## TASK DETAILS
Your task is to find every line of the data that holds the string "wearing" and copy it.

## PROVIDED MATERIAL

= Beginning of Section =

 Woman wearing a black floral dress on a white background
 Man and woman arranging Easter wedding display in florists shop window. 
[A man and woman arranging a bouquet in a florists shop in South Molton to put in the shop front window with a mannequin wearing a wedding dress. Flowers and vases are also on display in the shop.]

= End of Section =

## COMPLETED TASK
 Woman wearing a black floral dress on a white background
[A man and woman arranging a bouquet in a florists shop in South Molton to put in the shop front window with a mannequin wearing a wedding dress. Flowers and vases are also on display in the shop.]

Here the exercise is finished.